- [GIVEN DATA]:
========
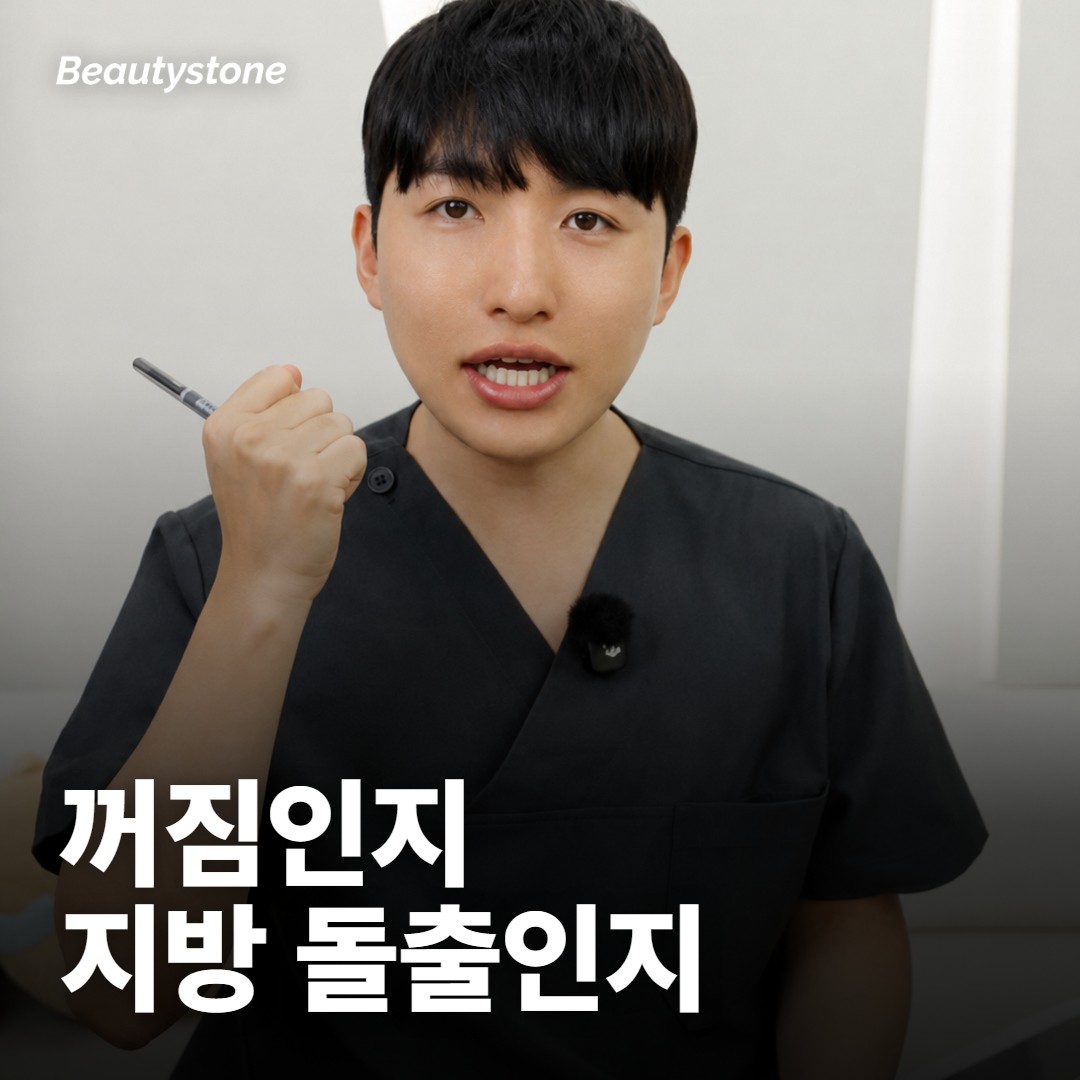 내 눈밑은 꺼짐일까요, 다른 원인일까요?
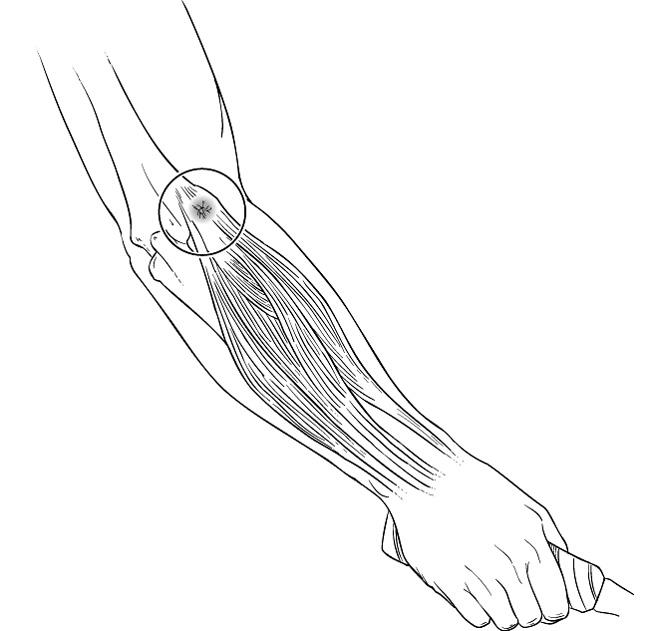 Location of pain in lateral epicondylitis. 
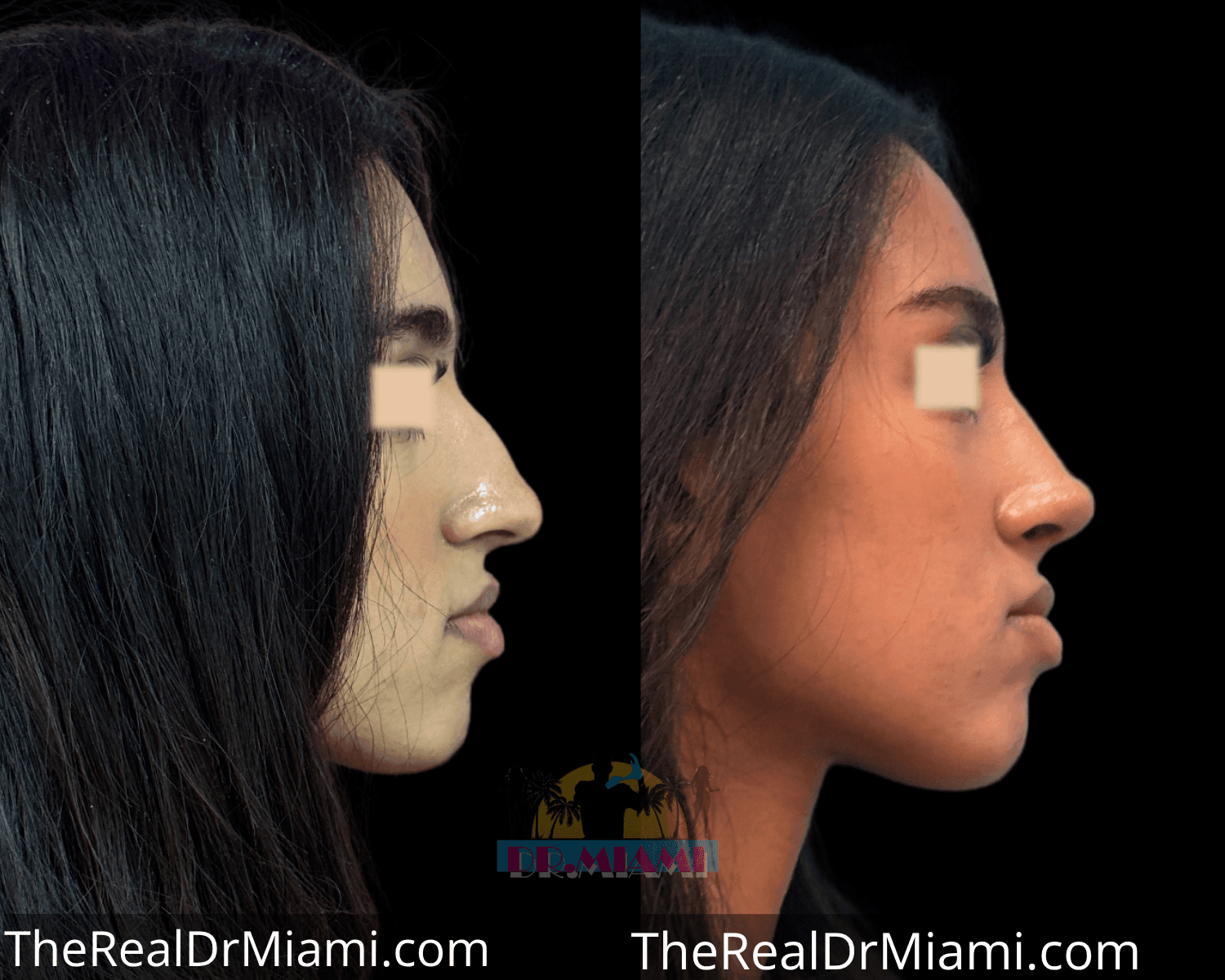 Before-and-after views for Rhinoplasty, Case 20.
========
- [PROBLEM STATEMENT]: Before you return the listing exactly, strip out its pictures.

- [RESPONSE]:
 내 눈밑은 꺼짐일까요, 다른 원인일까요?
 Location of pain in lateral epicondylitis. 
 Before-and-after views for Rhinoplasty, Case 20.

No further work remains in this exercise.